**TO DO**
Transcribe every entry below word for word, but skip the pictures.
[MATERIAL PROVIDED — start]
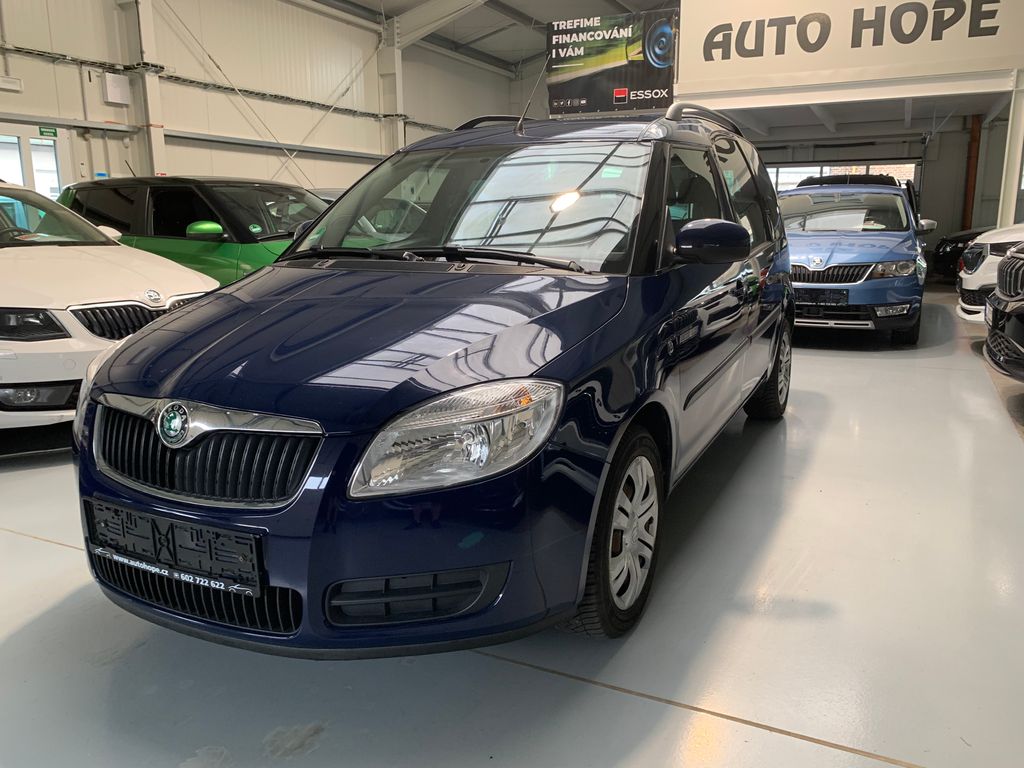 skoda-roomster-1-2-htp-style - 2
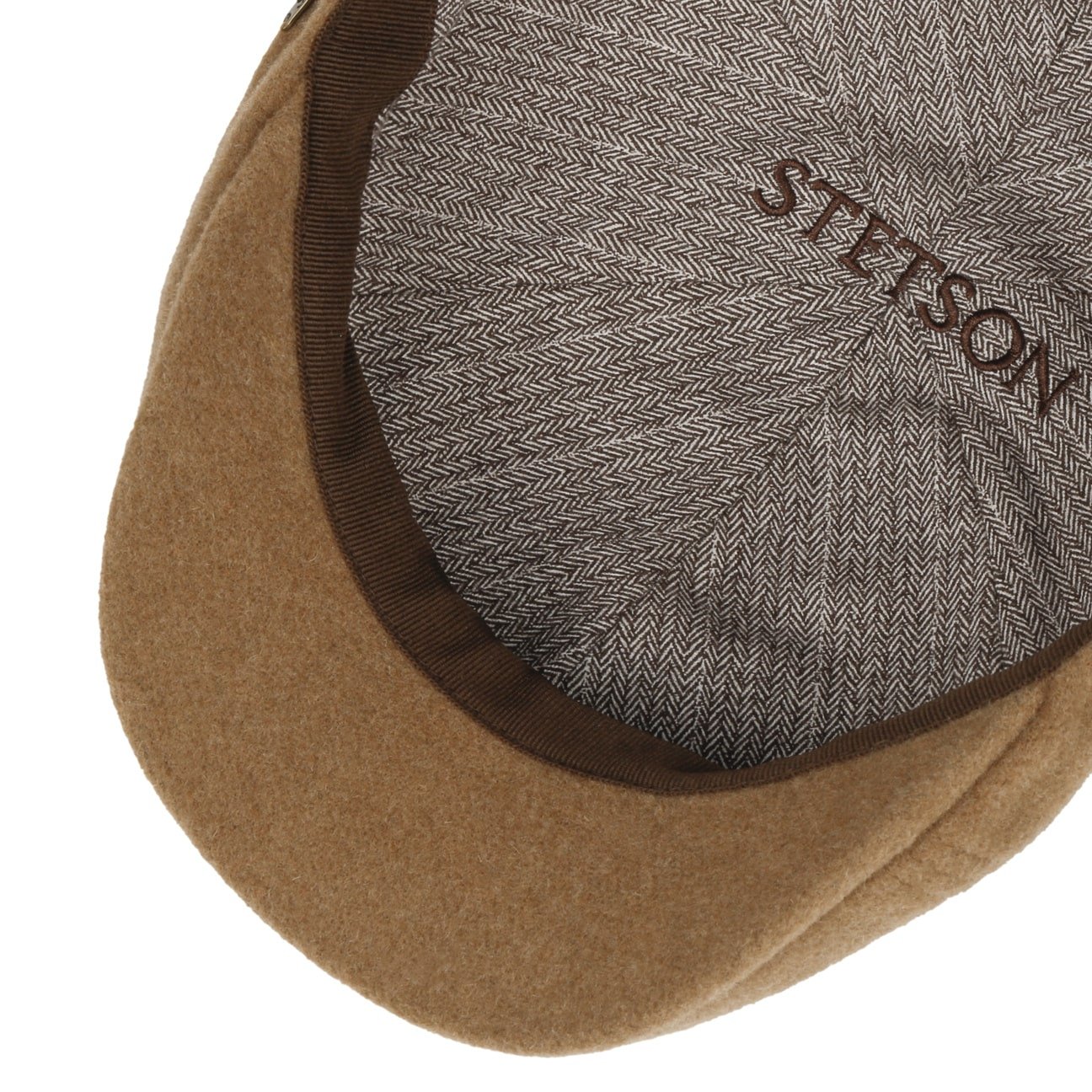 Texas Wool Pub Cap by Stetson - JJ Hat Center ®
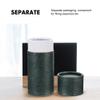 GLEAVI 15pcs Present Box Essential Oil Bottle Packaging Box with Lid Portable Storage Tube for Tea Leaf Incense Sticks Multipurpose Paper Container view 4
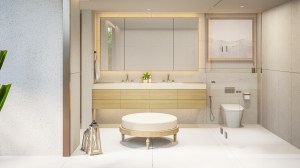 QAV Residence Cherng Talay酒店 - 3 卧/3 浴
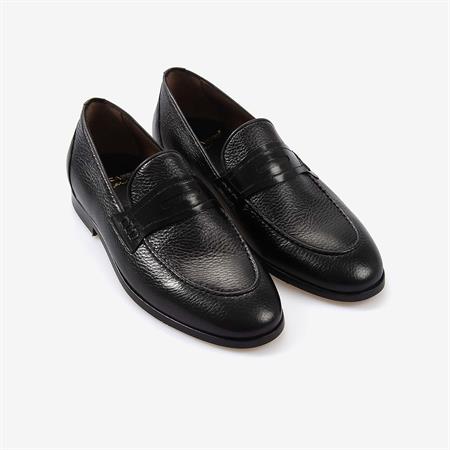 Mocassini Hakiki Deri Erkek Klasik Ayakkabı 9131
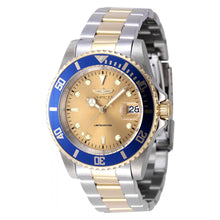 Cargar imagen en el visor de la galería, RELOJ  PARA HOMBRE INVICTA PRO DIVER 47394 - ORO, ACERO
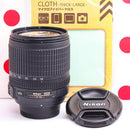 Nikon Zoom Lenses Af-S Dx 18-105Mm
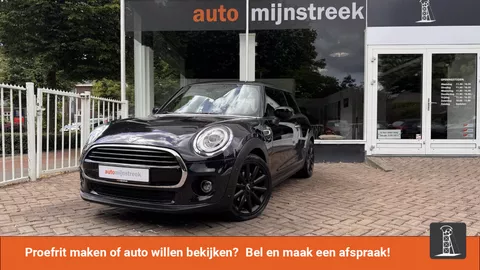 Mini Mini 1.5 Cooper 60 Years Edition | Automaat| Eerste Eigenaresse | Volledig MINI geserviced |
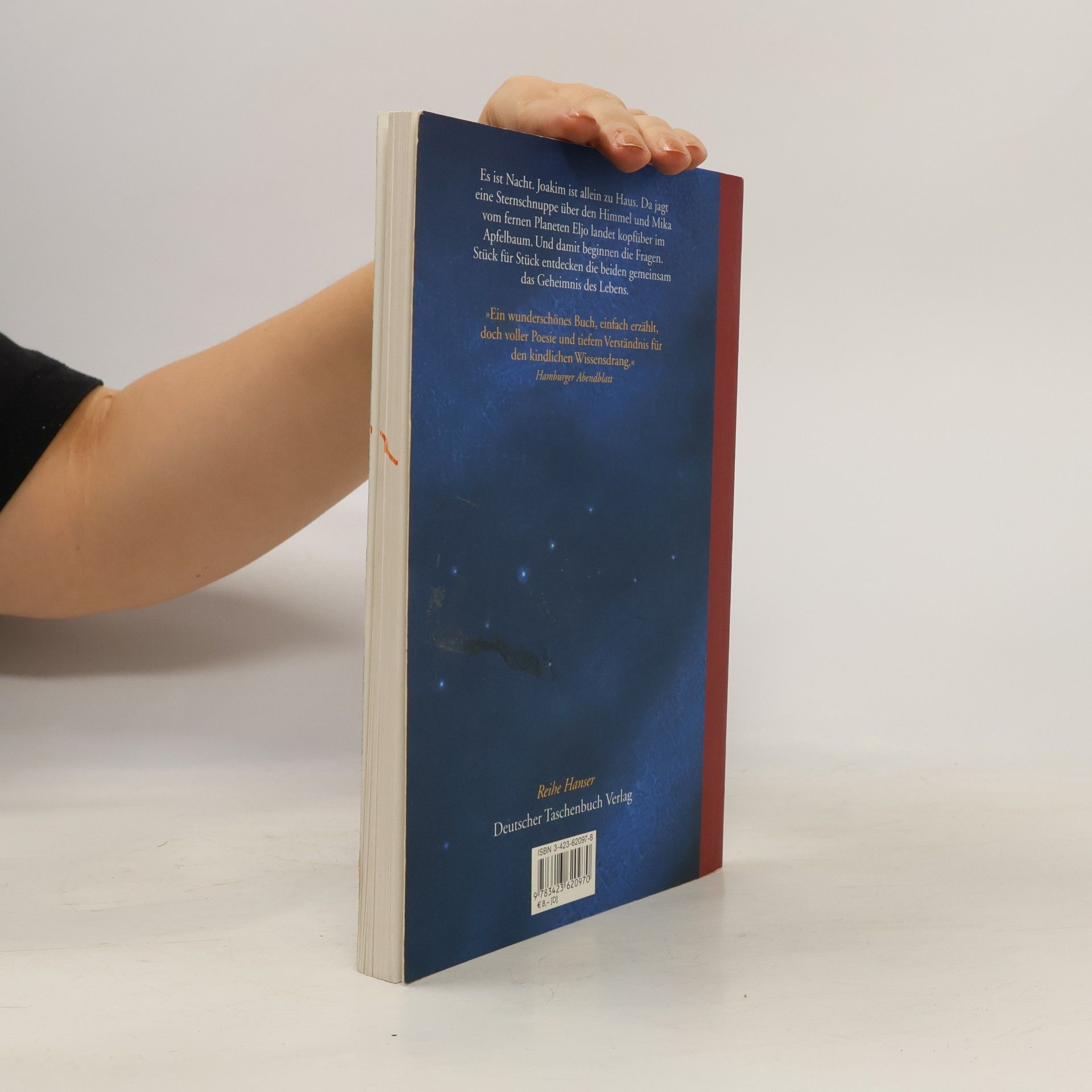 Jostein Gaarder Hallo, ist da jemand?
[MATERIAL PROVIDED — finish]
**SOLUTION TO THIS TASK**
 skoda-roomster-1-2-htp-style - 2
 Texas Wool Pub Cap by Stetson - JJ Hat Center ®
 GLEAVI 15pcs Present Box Essential Oil Bottle Packaging Box with Lid Portable Storage Tube for Tea Leaf Incense Sticks Multipurpose Paper Container view 4
 QAV Residence Cherng Talay酒店 - 3 卧/3 浴
 Mocassini Hakiki Deri Erkek Klasik Ayakkabı 9131
 Cargar imagen en el visor de la galería, RELOJ  PARA HOMBRE INVICTA PRO DIVER 47394 - ORO, ACERO
 Nikon Zoom Lenses Af-S Dx 18-105Mm
 Mini Mini 1.5 Cooper 60 Years Edition | Automaat| Eerste Eigenaresse | Volledig MINI geserviced |
 Jostein Gaarder Hallo, ist da jemand?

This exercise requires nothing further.